On fixed-point theorems in synthetic computability

Abstract

Lawvere's fixed point theorem captures the essence of diagonalization arguments. Cantor's theorem, Gödel's incompleteness theorem, and Tarski's undefinability of truth are all instances of the contrapositive form of the theorem. It is harder to apply the theorem directly because non-trivial examples are not easily found, in fact, none exist if excluded middle holds. We study Lawvere's fixed-point theorem in synthetic computability, which is higher-order intuitionistic logic augmented with the Axiom of Countable Choice, Markov's principle, and the Enumeration axiom, which states that there are countably many countable subsets of $\mathbb{N}$. These extra-logical principles are valid in the effective topos, as well as in any realizability topos built over Turing machines with an oracle, and suffice for an abstract axiomatic development of a computability theory. We show that every countably generated $\omega$-chain complete pointed partial order ($\omega$cppo) is countable, and that countably generated $\omega$cppos are closed under countable products.
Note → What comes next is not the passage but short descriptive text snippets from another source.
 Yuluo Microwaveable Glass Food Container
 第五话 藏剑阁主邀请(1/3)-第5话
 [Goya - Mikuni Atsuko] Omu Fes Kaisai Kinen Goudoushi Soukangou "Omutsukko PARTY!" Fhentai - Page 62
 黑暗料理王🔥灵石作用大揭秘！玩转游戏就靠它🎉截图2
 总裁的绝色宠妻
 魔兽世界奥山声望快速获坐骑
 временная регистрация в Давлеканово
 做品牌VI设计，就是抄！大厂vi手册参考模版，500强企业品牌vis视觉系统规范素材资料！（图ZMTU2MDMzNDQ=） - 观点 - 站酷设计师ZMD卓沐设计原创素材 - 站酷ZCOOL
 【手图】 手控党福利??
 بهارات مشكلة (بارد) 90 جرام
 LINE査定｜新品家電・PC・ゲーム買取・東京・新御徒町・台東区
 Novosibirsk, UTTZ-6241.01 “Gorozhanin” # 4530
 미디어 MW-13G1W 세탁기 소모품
Therefore, Lawvere's fixed-point theorem applies and we obtain fixed points of all endomaps on countably generated $\omega$cppos. Similarly, the Knaster-Tarski theorem guarantees existence of least fixed points of continuous endomaps. To get the best of both theorems, namely that all endomaps on domains ($\omega$cppos generated by a countable set of compact elements) have least fixed points, we prove a synthetic version of the Myhill-Shepherdson theorem: every map from an $\omega$cpo to a domain is continuous. The proof relies on a new fixed-point theorem, the synthetic Recursion Theorem, so called because it subsumes the classic Kleene-Rogers Recursion Theorem. The Recursion Theorem takes the form of Lawvere's fixed point theorem for multi-valued endomaps.